AI integration of APIs is no dreams of the future – it's happening now. Companies are developing MCP tools and building AI agents that should use their internal and external APIs. The question is no longer "whether", but "how well".
Sure, the models continue to evolve. And we can assume that the possibilities and capabilities to deal with the challenges described in this article will also improve. However, we certainly have means and ways to approach this differently already today – and make "life" a little easier for our agents.
And here lies the opportunity: You don't have to choose between "AI-friendly" and "developer-friendly". The principles that make APIs better for AI agents – clear business context, explicit use cases, documented workflows – also make them more intuitive and easier to use for human developers.

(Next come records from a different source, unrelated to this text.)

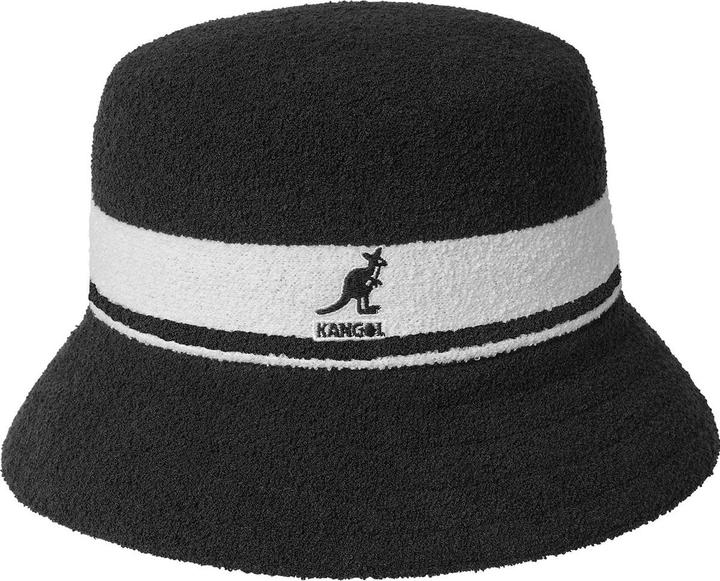 Immagine prodotto Kangol Bermuda Stripe (XL)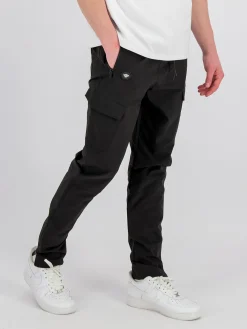 Hercules Trackpants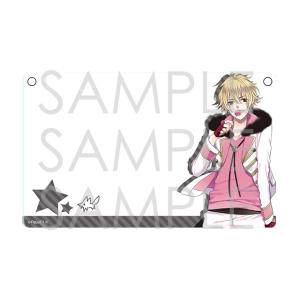 MARGINAL#4 ピタゴラスプロダクション／メッセージボード・ツバサ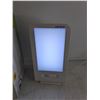 Image 6 : Verilux HappyLight Energy Lamp - Powers On, As Is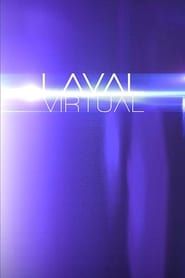 Image Laval Virtual 2014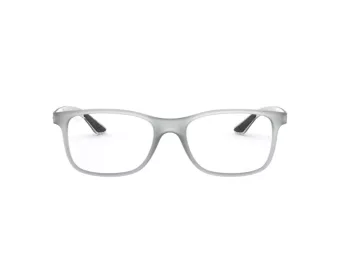Ray-Ban Briller RX 8903 5244
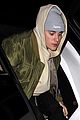 bieber-nice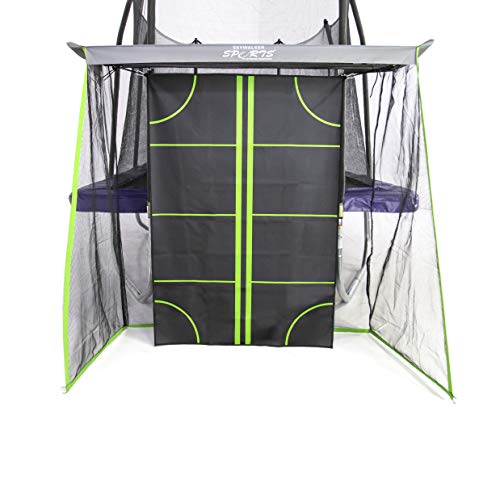 Skywalker Sports Multi Sport Training Net Accessory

AI agents will certainly "appreciate" that too. They thank us by consuming fewer tokens or achieving better and more reproducible results.
The Core Message to Take Away
Shift complexity from the probabilistic LLM to deterministic code.
This isn't a plea against flexibility or for rigid, inflexible systems. It's a plea for clear responsibilities:
- The LLM understands the user's intention and chooses the appropriate tool.
- The deterministic code reliably executes the complex orchestration.
- Users get reproducible, reliable results.